- What the task requires:
Print each entry as it appears. Images stay out of the copy.

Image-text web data
+++

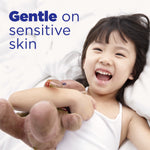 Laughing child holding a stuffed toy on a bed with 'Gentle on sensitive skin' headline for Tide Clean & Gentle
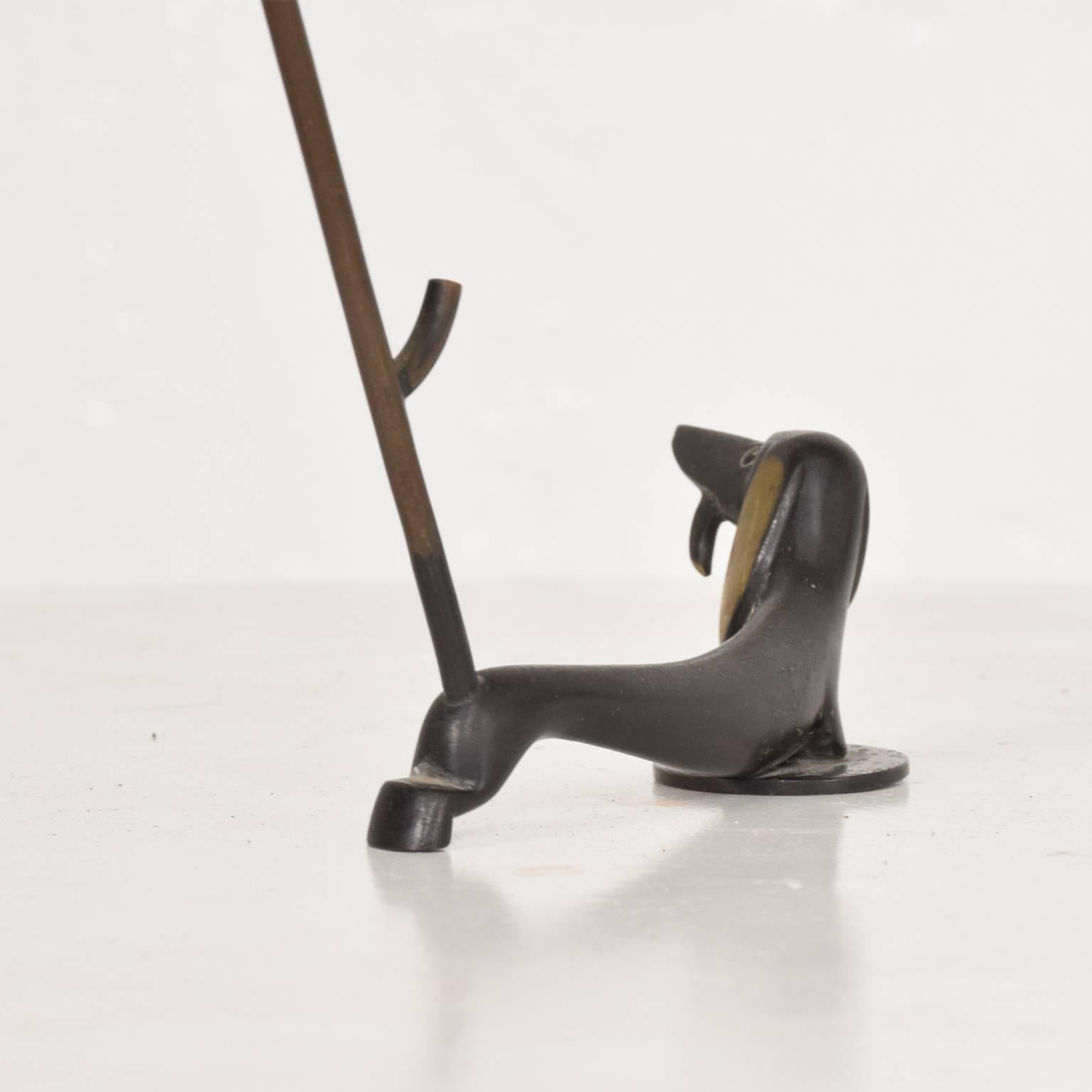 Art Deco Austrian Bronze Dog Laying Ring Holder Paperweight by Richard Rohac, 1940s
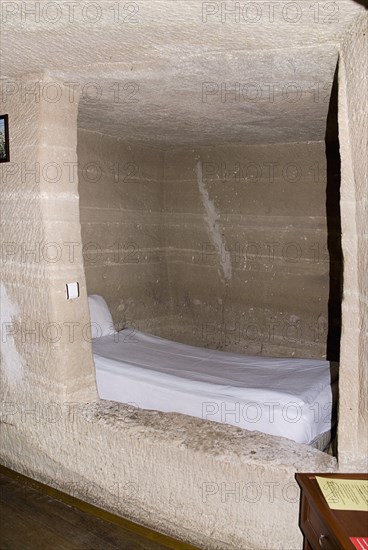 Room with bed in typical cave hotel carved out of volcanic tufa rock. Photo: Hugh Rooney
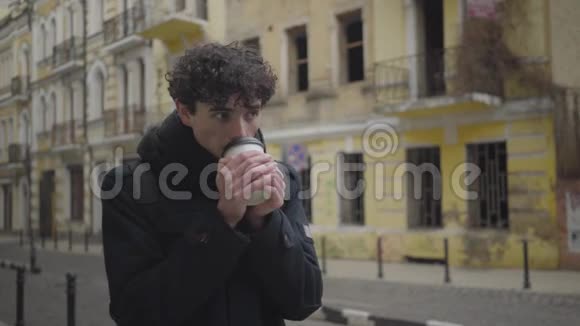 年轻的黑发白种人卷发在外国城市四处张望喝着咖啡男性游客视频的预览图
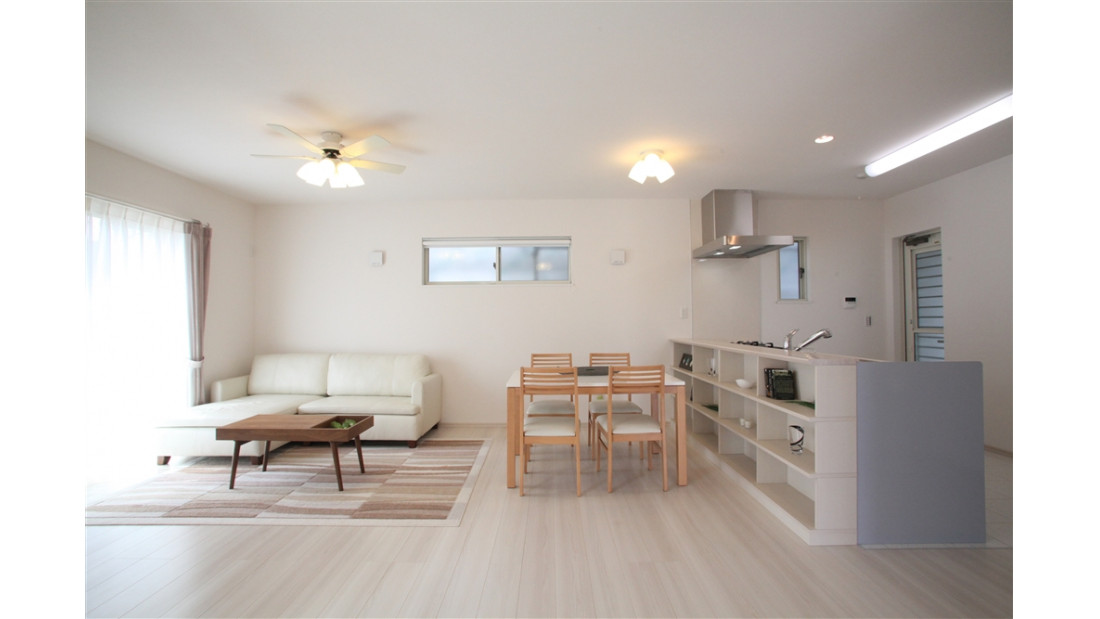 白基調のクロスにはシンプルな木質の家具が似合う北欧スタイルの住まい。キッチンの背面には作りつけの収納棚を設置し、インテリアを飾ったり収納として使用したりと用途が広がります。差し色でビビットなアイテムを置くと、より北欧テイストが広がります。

+++

- Answer section:
 Laughing child holding a stuffed toy on a bed with 'Gentle on sensitive skin' headline for Tide Clean & Gentle
 Art Deco Austrian Bronze Dog Laying Ring Holder Paperweight by Richard Rohac, 1940s
 Room with bed in typical cave hotel carved out of volcanic tufa rock. Photo: Hugh Rooney
 年轻的黑发白种人卷发在外国城市四处张望喝着咖啡男性游客视频的预览图
 白基調のクロスにはシンプルな木質の家具が似合う北欧スタイルの住まい。キッチンの背面には作りつけの収納棚を設置し、インテリアを飾ったり収納として使用したりと用途が広がります。差し色でビビットなアイテムを置くと、より北欧テイストが広がります。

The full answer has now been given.